At Google I/O 2026, Google announced that its web-based Google AI Studio can now create native Android apps — a process the company says shrinks weeks of setup and coding down to minutes. The new flow generates Kotlin apps using Google's Jetpack Compose toolkit and can tie those apps directly to phone hardware such as GPS, Bluetooth and NFC.
Google said the capabilities are aimed at both seasoned developers and first-time creators, and it showed a preview of the experience: users build in a browser, interact with their app inside an embedded Android Emulator, then install a working copy on a phone over a USB cable using the Android Debug Bridge, or adb. For developers, Google said AI Studio can automatically create the app record, package the bundle and upload it to an internal testing track in Google Play Console.
The tooling also supports handoff. Projects can be downloaded as a zip file for local work in Android Studio or exported directly to GitHub, Google said. Behind the scenes the apps are standard Kotlin projects built on Jetpack Compose, which means the code should be portable for teams that want to take a generated prototype and mature it into a production release.
Google presented the new web builder as an extension of past moves to put generative models at the center of coding workflows. The company previously added Gemini-powered code assistance to the desktop version of Android Studio; bringing native app creation into the browser is the next step, Google said. Google is also planning mobile access to AI Studio and the ability to publish apps for family and friends in time, the company said.
There are limits, and those limits supply the story's friction. For now the resulting creations are explicitly for personal use only; publishing beyond family and friends remains on the roadmap. Google also said it plans to add Firebase integrations — including Firestore, Firebase Auth and Firebase App Check — but those server and authentication features are not yet live. That gap matters because many real-world apps rely on backend services and user management before they can be shared broadly.

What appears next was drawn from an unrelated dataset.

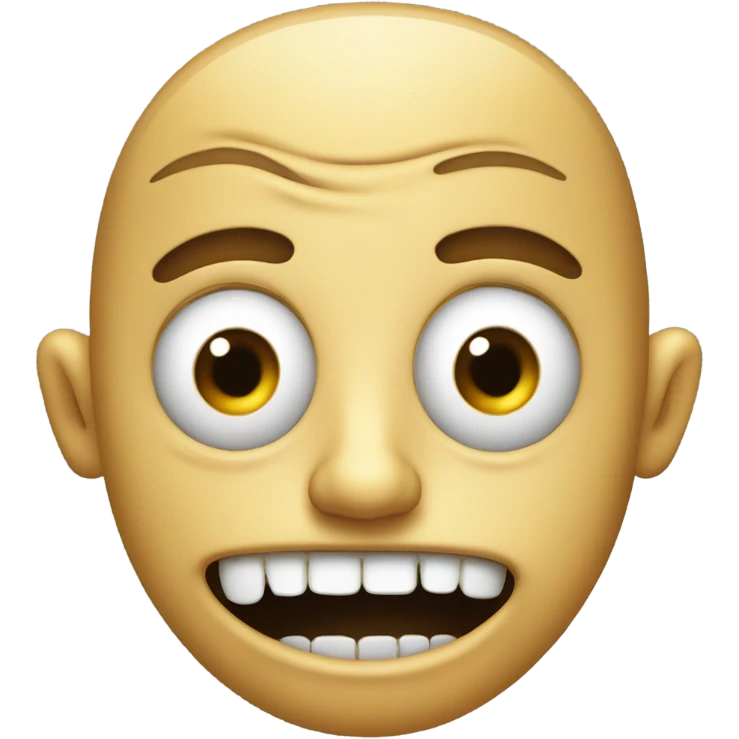 freaky face emoji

The company is rolling out companion features to help users discover and deploy what they make. A new Ask Play AI overlay will let people find apps by having natural conversations with AI inside the Play Store, Google said, and Gemini will begin surfacing apps in users' conversations with the assistant. That app-surfacing rollout will begin in the weeks ahead across Gemini on the web and on Android, Google said.

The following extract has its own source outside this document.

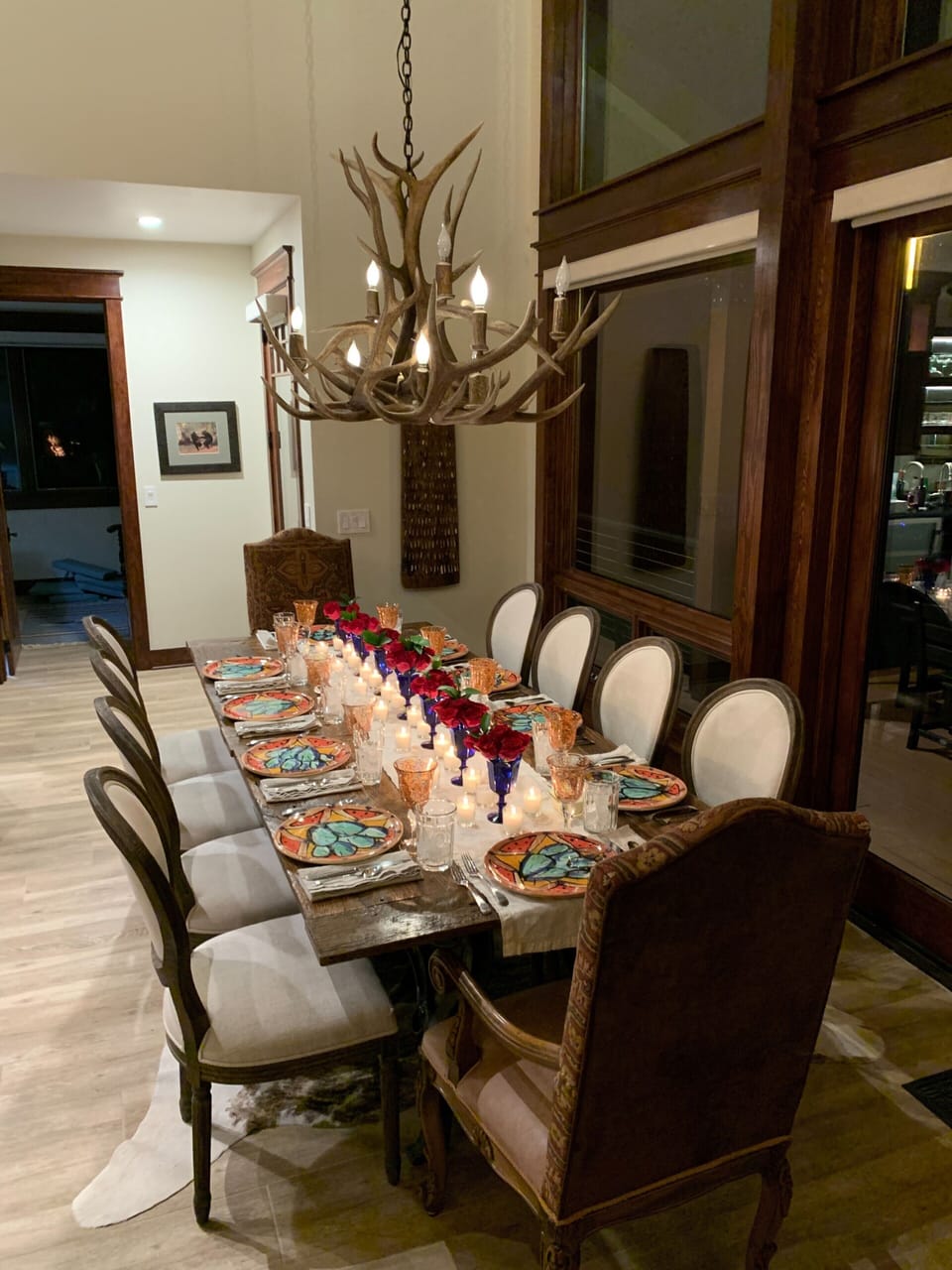 Great Room Dining Table to Seat 10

Practical details underscore how fast the prototype loop can be. Google said creators can preview and interact with an app as it is being built in the browser emulator, then install it over USB with adb. For testers and small teams, AI Studio can push the packaged app to an internal testing track in Google Play Console, skipping much of the manual setup that can turn a concept into a working test build.
Google framed the feature set as lowering the barrier to building phone-aware software: the same builder can access device sensors such as GPS, Bluetooth and NFC so prototypes behave like finished apps. The company also said that later this year Gemini will surface more than 450,000 movies and TV shows and identify where to livestream sports, part of a broader push to fold discovery and recommendations into conversational AI.
The immediate effect will be to accelerate prototyping and personal experimentation — google ai studio lets a person go from idea to a runnable phone app in minutes rather than weeks. Without publishing and backend integrations, however, those prototypes will largely stay private sandboxes for now. If Google follows through on the promised Firebase support and family-and-friends publishing, the tool will move quickly from a personal playground into a lightweight distribution channel; until then it is a fast, highly capable way to make functioning Android app prototypes.